__SUPPLIED MATERIAL__.
--- START ---

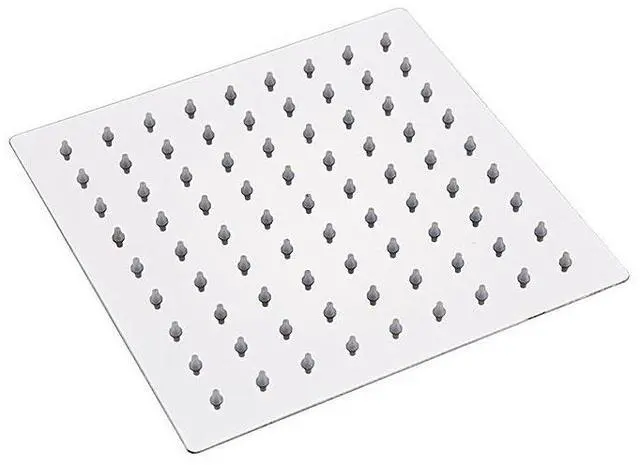 Main image of US 8/10/12'' Stainless Steel Flow Rainfall Square Shower Head Full Body Coverage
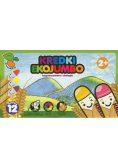 Kredki Ekojumbo 12 kolorów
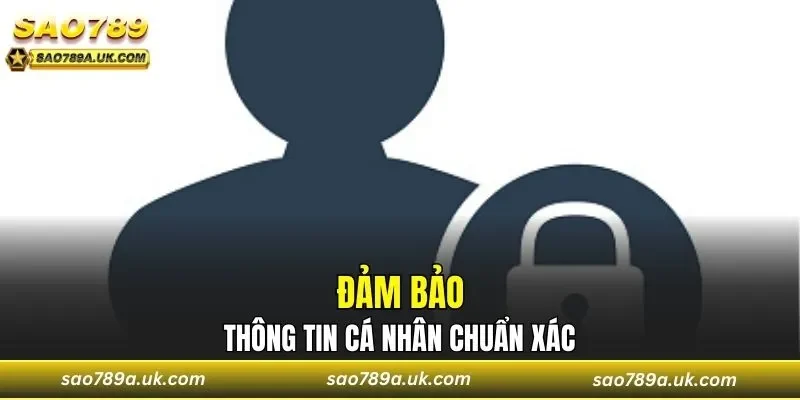 Kiểm tra thông tin đầy đủ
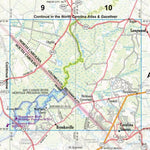 Garmin South Carolina Atlas & Gazetteer Page 39 Inset digital map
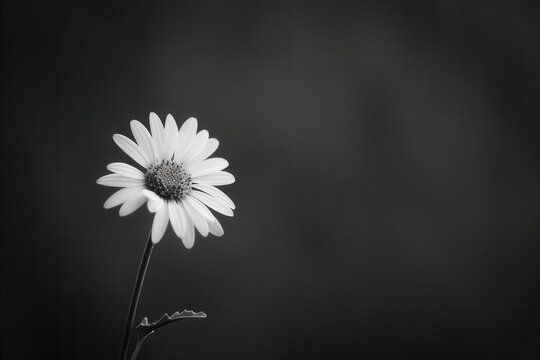 Happy Black and White HD Wallpaper. High Detailed Plain Background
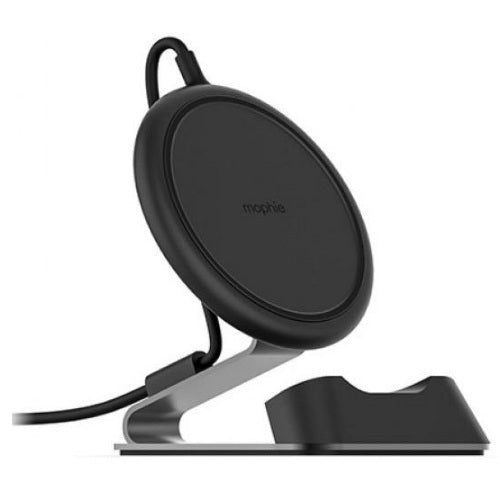 Mophie, Mophie Universal Wireless-Charge Stream Desk Stand - Noir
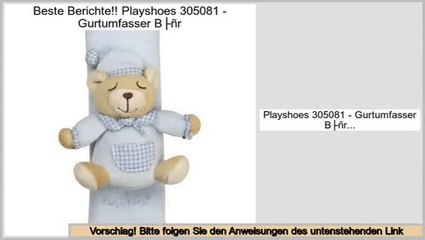Hot Deals Playshoes 305081 - Gurtumfasser Bär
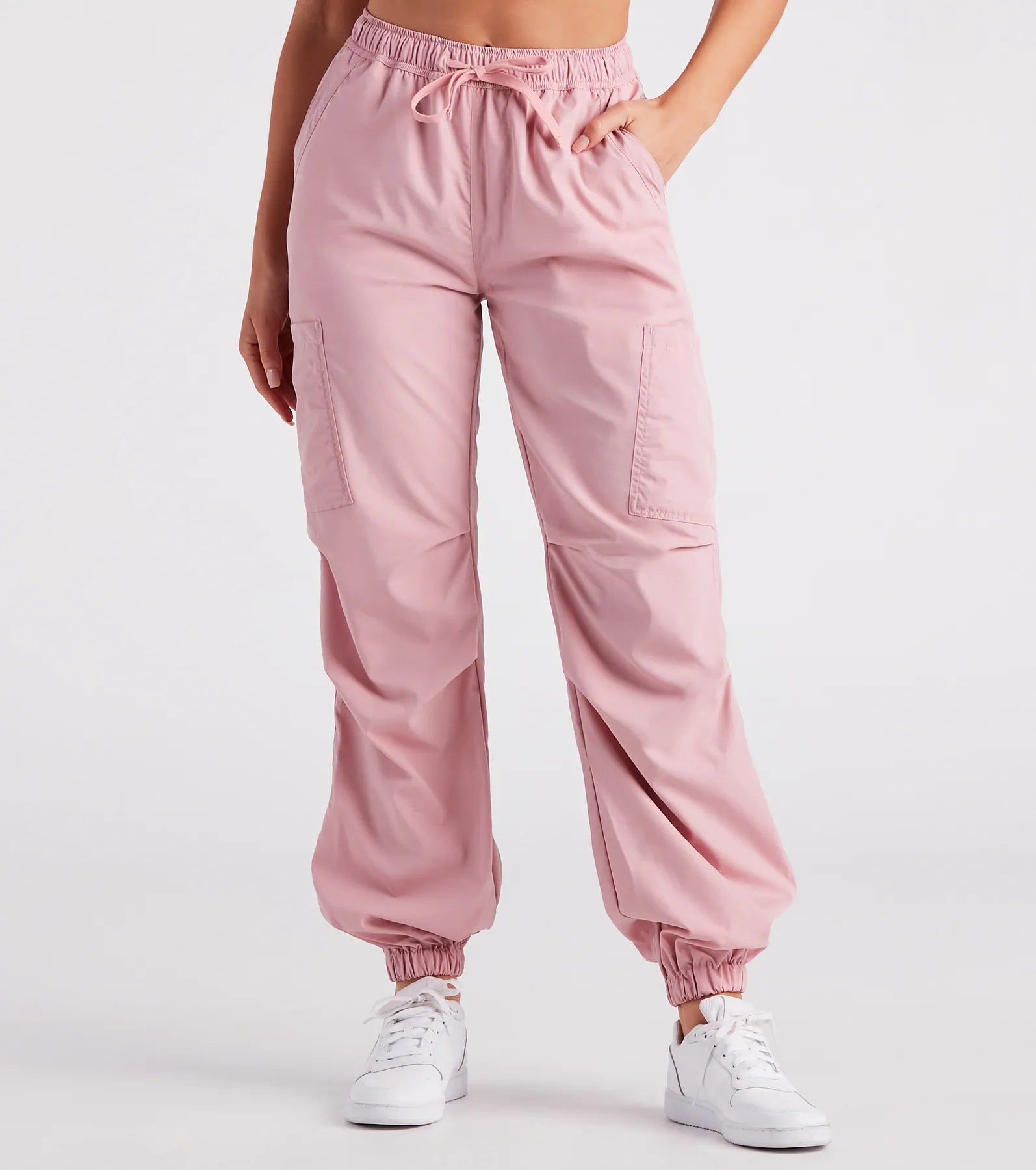 Seasonal Clearance Major Trendsetter High-Rise Joggers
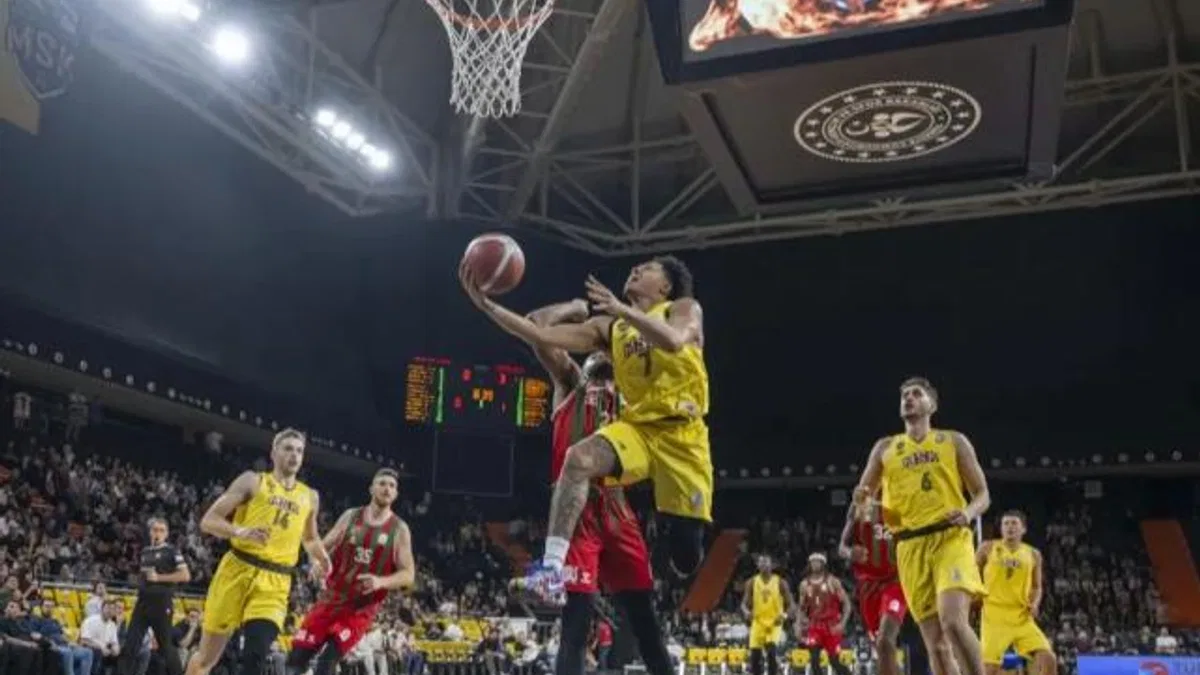 Mersin Spor Karşıyaka’yı 92-87 yendi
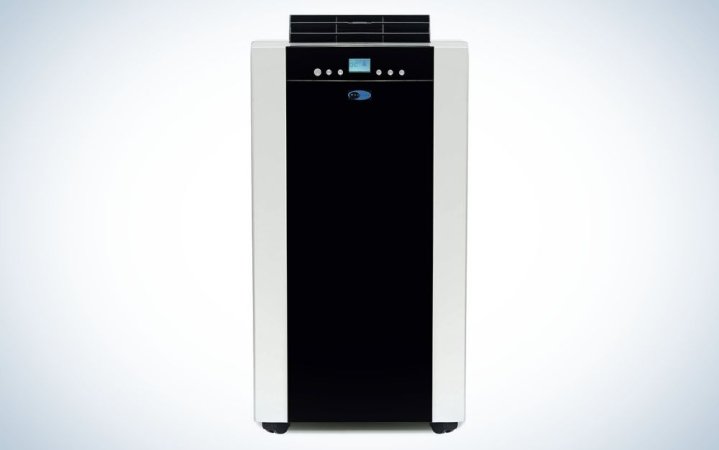  Platinum and black portable air conditioner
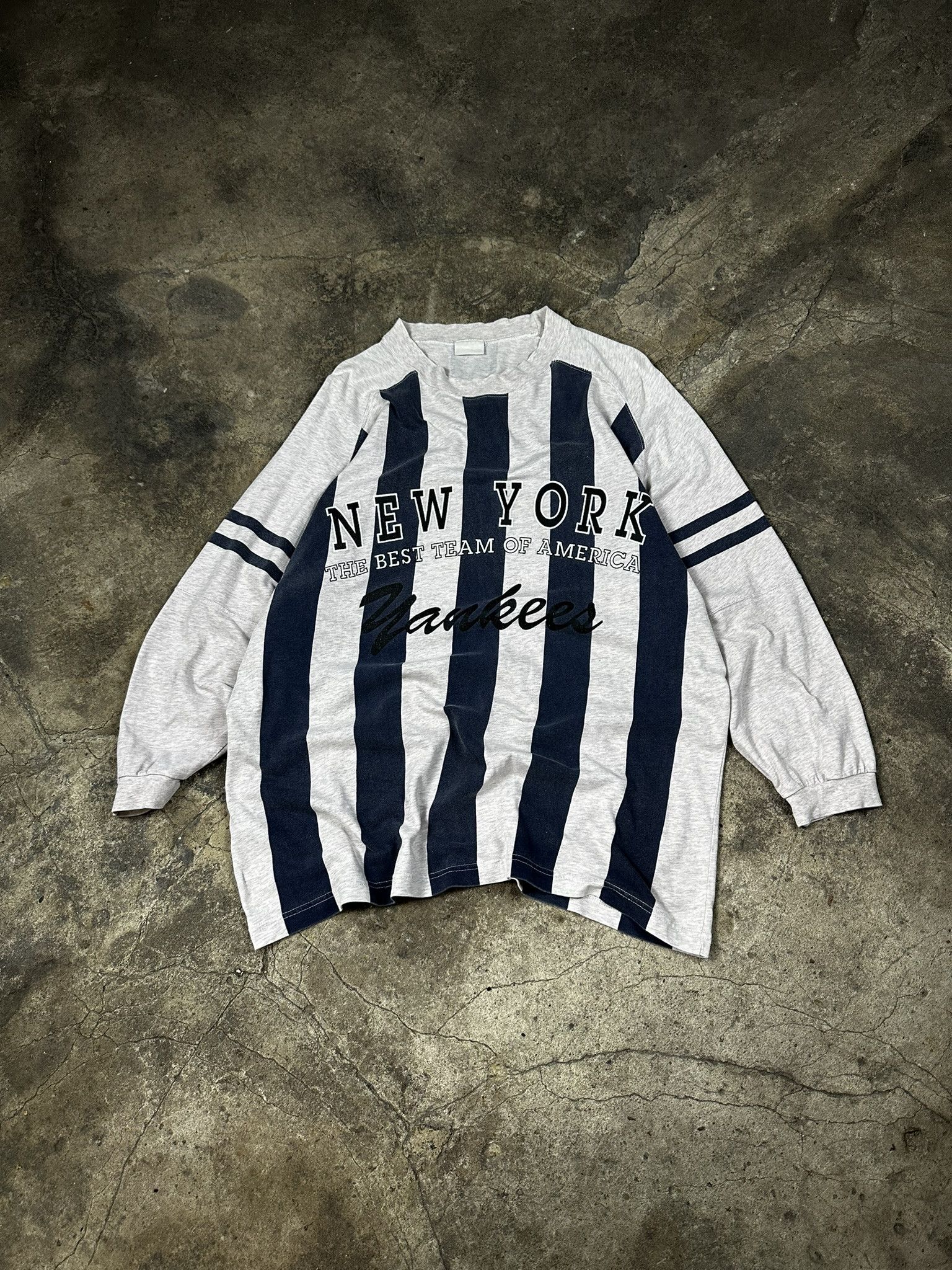 80s New York Yankees Baseball MLB Longsleeve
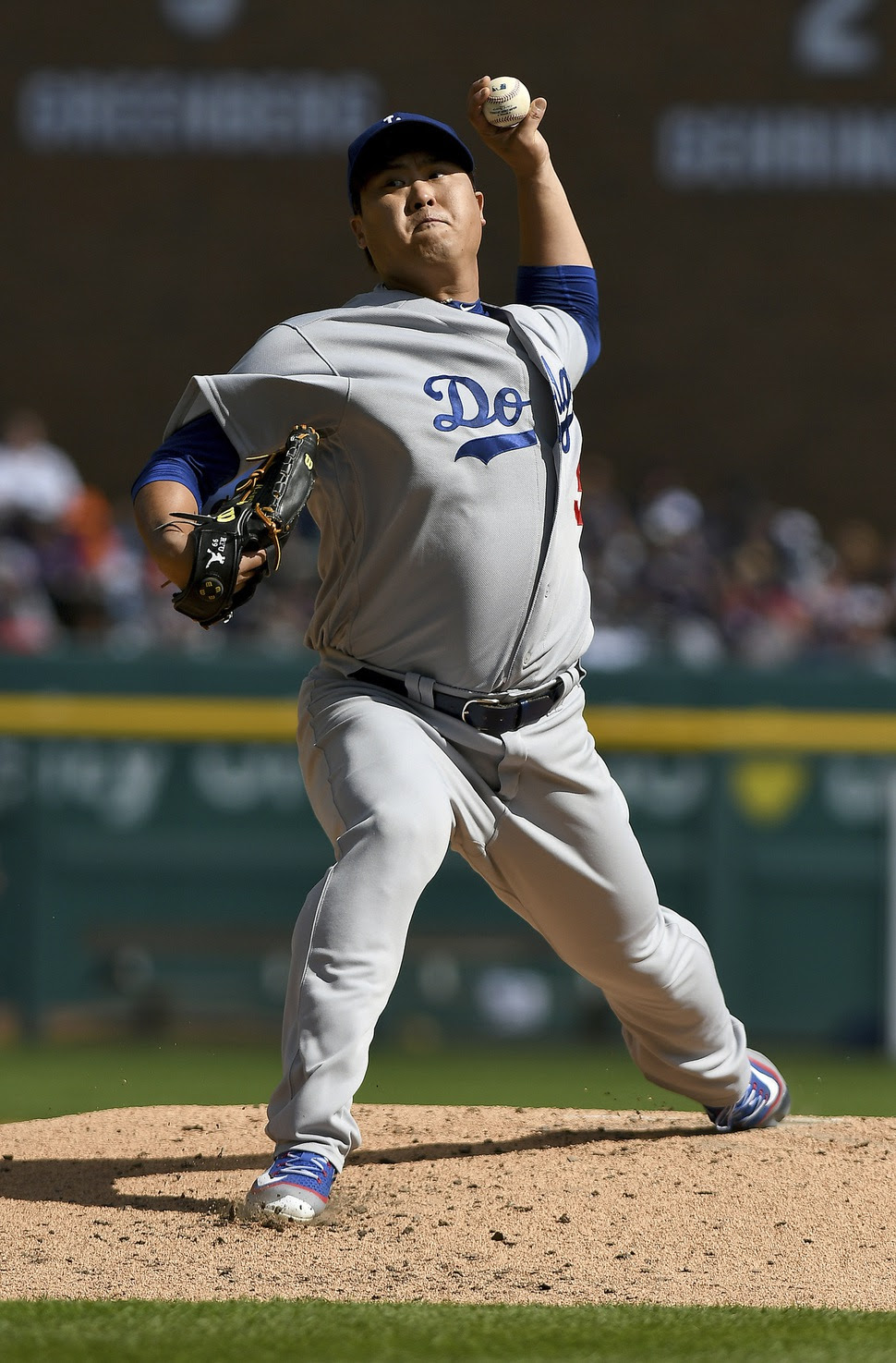 류현진, 5이닝 3안타 무실점 호투 : 야구·MLB : 스포츠 : 뉴스 : 한겨레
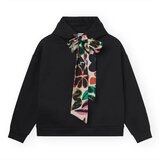 Compania Fantastica Puloverji COMPAÑIA FANTÁSTICA Sweat 12008 - Black Črna Cene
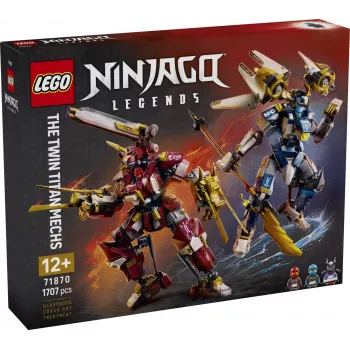 LEGO NINJAGO 71870 The Twin Titan Mechs (1707 pcs)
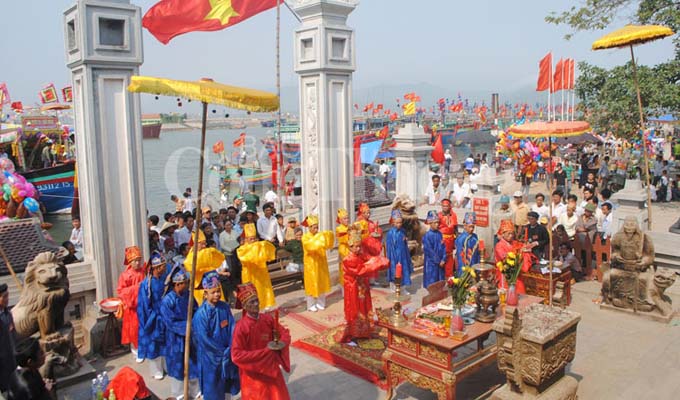 Nghệ An có 2 lễ hội đầu tiên là di sản văn hóa phi vật thể quốc gia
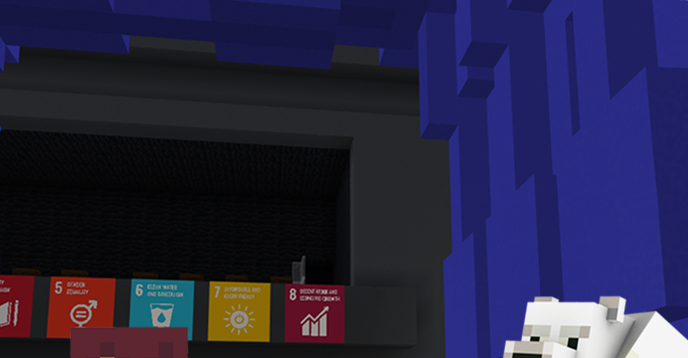 Building a planet at peace with nature: UNESCO joins Minecraft’s latest challenge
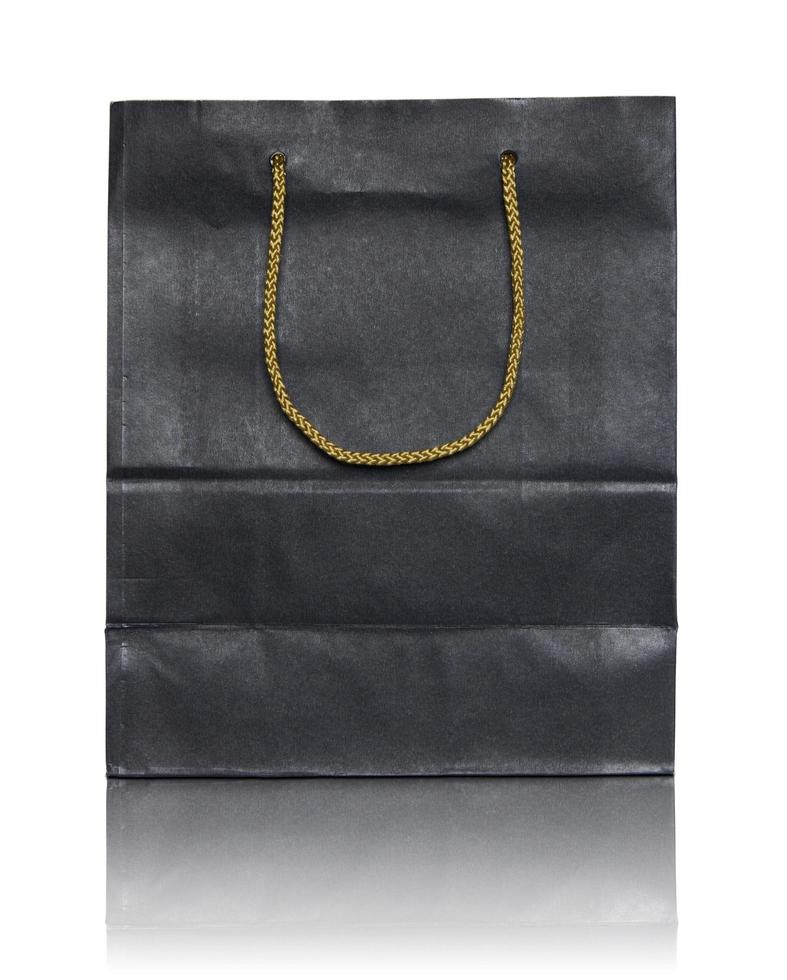 black paper bag photo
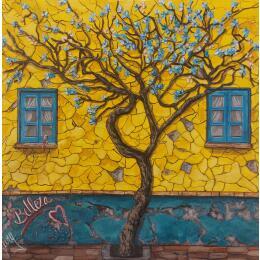 Painting sudamerica by Geiry | Painting Subject matter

--- END ---

Please print the line that contains "Hot Deals Playshoes 305081 - Gurtumfasser Bär" along with every later line of the material, exactly, through the last one. Leave pictures out of the copy.

__RESPONSE__.
Hot Deals Playshoes 305081 - Gurtumfasser Bär
 Seasonal Clearance Major Trendsetter High-Rise Joggers
 Mersin Spor Karşıyaka’yı 92-87 yendi
  Platinum and black portable air conditioner
 80s New York Yankees Baseball MLB Longsleeve
 류현진, 5이닝 3안타 무실점 호투 : 야구·MLB : 스포츠 : 뉴스 : 한겨레
 Compania Fantastica Puloverji COMPAÑIA FANTÁSTICA Sweat 12008 - Black Črna Cene
 LEGO NINJAGO 71870 The Twin Titan Mechs (1707 pcs)
 Nghệ An có 2 lễ hội đầu tiên là di sản văn hóa phi vật thể quốc gia
 Building a planet at peace with nature: UNESCO joins Minecraft’s latest challenge
 black paper bag photo
 Painting sudamerica by Geiry | Painting Subject matter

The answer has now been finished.